Poster
in
Workshop: Combining Theory and Benchmarks: Towards A Virtuous Cycle to Understand and Guarantee Foundation Model Performance Fri, Jul 10, 2026 • 12:00 AM – 1:00 AM PDT

Probabilistic Chain-of-Thought: Sequential Bayesian Inference over Latent Reasoning Correctness

Suriya Dev Saravanakumar ⋅ Ezra Wesenie ⋅ Kishore Nuthalapati ⋅ Laksh Patel

Project Page

Abstract

Chain-of-thought prompting elicits multi-step reasoning from large language models, yet existing approaches treat confidence at each step as an independent signal. This independence assumption contradicts the autoregressive generation process, wherein errors at early steps propagate forward and corrupt downstream outputs, creating epistemic blind spots where a model appears locally certain but is globally unreliable. We introduce \emph{Probabilistic Chain-of-Thought} (PCoT), which models a reasoning chain as a Hidden Markov Model over latent step correctness and performs exact posterior inference via the forward-backward algorithm. PCoT yields a principled answer confidence $C_{\mathrm{final}}$ and a posterior-driven reflection policy that dominates raw-score threshold rules under the model.

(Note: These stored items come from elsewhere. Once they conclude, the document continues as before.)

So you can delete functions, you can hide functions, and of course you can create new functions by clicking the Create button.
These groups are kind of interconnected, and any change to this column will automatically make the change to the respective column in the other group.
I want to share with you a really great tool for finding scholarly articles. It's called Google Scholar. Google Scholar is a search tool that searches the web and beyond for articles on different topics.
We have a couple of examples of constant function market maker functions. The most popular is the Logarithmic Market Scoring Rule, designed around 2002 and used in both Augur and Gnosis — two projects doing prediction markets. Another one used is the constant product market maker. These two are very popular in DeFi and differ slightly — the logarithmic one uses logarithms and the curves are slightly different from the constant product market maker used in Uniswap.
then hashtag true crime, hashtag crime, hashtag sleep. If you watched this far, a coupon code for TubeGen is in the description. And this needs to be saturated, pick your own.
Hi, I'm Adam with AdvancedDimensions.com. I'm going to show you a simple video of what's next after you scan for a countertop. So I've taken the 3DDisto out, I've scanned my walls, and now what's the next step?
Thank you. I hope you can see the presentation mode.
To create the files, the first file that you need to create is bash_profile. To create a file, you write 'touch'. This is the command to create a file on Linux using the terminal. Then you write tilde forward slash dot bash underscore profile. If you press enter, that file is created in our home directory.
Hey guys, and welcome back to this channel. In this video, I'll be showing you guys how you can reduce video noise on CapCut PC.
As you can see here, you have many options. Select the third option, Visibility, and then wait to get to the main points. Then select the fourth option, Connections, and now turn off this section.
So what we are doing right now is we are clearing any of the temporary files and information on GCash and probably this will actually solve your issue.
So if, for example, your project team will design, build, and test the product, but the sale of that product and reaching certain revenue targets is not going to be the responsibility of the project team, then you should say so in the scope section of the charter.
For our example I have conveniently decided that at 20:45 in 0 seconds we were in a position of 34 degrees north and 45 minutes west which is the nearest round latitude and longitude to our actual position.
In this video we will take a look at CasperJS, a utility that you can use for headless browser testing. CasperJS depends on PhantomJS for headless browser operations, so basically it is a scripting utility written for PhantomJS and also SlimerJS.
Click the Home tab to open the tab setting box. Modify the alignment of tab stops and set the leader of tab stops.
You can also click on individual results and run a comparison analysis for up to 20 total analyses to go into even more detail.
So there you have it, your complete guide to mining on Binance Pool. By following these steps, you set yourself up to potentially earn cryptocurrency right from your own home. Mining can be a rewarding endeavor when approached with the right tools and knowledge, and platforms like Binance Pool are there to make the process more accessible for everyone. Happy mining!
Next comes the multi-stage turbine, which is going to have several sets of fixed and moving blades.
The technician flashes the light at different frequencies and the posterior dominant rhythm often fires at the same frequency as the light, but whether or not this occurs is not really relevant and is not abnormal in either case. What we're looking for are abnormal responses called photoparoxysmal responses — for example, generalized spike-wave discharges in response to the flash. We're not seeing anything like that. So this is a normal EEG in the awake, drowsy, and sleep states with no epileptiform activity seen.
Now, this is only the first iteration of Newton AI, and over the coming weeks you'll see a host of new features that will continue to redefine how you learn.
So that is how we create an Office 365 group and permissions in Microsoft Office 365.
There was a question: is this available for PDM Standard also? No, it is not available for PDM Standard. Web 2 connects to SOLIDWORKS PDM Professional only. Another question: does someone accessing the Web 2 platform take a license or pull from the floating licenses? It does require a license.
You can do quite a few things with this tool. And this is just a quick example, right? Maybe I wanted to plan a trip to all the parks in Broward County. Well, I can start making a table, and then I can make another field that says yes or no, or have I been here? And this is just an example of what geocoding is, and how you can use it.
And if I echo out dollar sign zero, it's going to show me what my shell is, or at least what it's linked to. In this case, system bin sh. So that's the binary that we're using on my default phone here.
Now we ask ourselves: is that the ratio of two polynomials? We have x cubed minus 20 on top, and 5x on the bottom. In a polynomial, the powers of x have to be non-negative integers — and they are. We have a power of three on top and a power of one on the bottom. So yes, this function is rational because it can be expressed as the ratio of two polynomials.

On MATH and GSM8K, PCoT reduces Expected Calibration Error by $\mathbf{76\%}$ over the best heuristic baseline and improves accuracy by $\mathbf{14.7}$ percentage points at a $2\times$ token budget, while remaining robust across three confidence estimators. Our analysis of \emph{sequential contamination}---whereby a single upstream error suppresses posteriors of all downstream steps--- provides a formal explanation for why point-wise step scoring is insufficient for reliable reasoning evaluation.